Tuesday, May 1, 2012

Blog 31 - Bad Kid (Wild Card)

Lately, I’ve been a bad kid. Not according to me, but according to my parents. Not only is it frustrating that they think this way, but it starts a lot of fights between my mother and I. If my parents looked at the big picture, they would realize that they have a daughter who is involved with National Honor Society, sports, clubs and extracurricular activities, honors classes, and more. I have two jobs. I spend my weekends with my friends. I have never been arrested or even suspended, and I had a lunch detention one time in eighth grade.

If you compare me with half my class, you’d see a good kid. But to my parents, I am a ‘troublemaker.’ I hate these types of accusations. I don’t do anything extremely bad that would ever make my parents disappointed. Sometimes I do go out and have fun, but I am always safe and I always let them know what I am doing at all times. It insults me that my parents ask me if I was drinking when I come home late, because I was just hanging out and all of a sudden it turns into me going to a party and getting wasted. My parents did not give me an answer about going to Wildwood after prom for the longest time, mainly because they thought I would be drunk the whole time I’m there. That is not the type of person that I am. I can go out with my class and have a good time without having a drink.

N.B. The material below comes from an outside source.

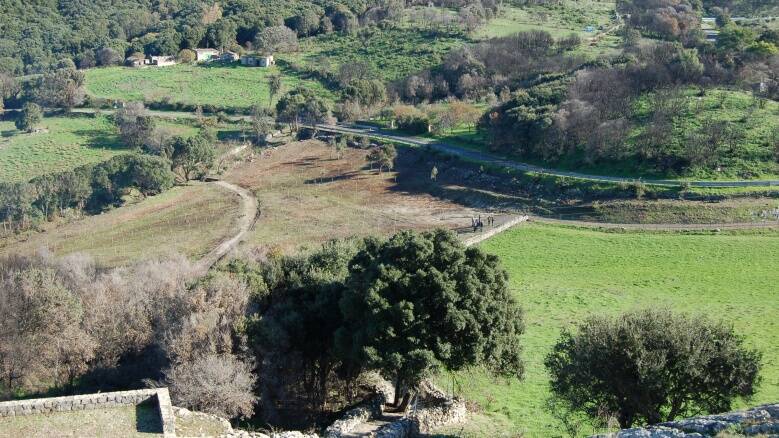 Cuglieri - messa a dimora alberi Nespresso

I can’t stand it when people think that the only way to have a good time is to go drinking alcohol, making fools out of themselves, and tweeting about the rest of the weekend. People that do that kind of stuff are going to get a rude awakening in college (I am predicting that they will go to college, get wasted the first few weeks straight, start failing, and then realize that they need to cut down on the bull and hit the books.).

If only there was some way that I could let my parents know that my future is filled with big plans, I would let them know that I don’t plan on ruining that. Life is more than just high school, and my parents need to realize that I am getting by just fine. I have a good balance over school work and play time. If my homework isn’t finished, I am not allowed out. That is a rule that I actually enjoy. I know that if I procrastinate my work won’t get done.

I keep up with most of my work, so if I want to take off a day of school to sleep, my parents should reward me for being so awesome every other day of school! It is hard to relay this type of message to them, so instead I’ll continue to hear the lectures about being a good student and I will keep it in the back of my head that they will (hopefully) realize soon that I am a good kid.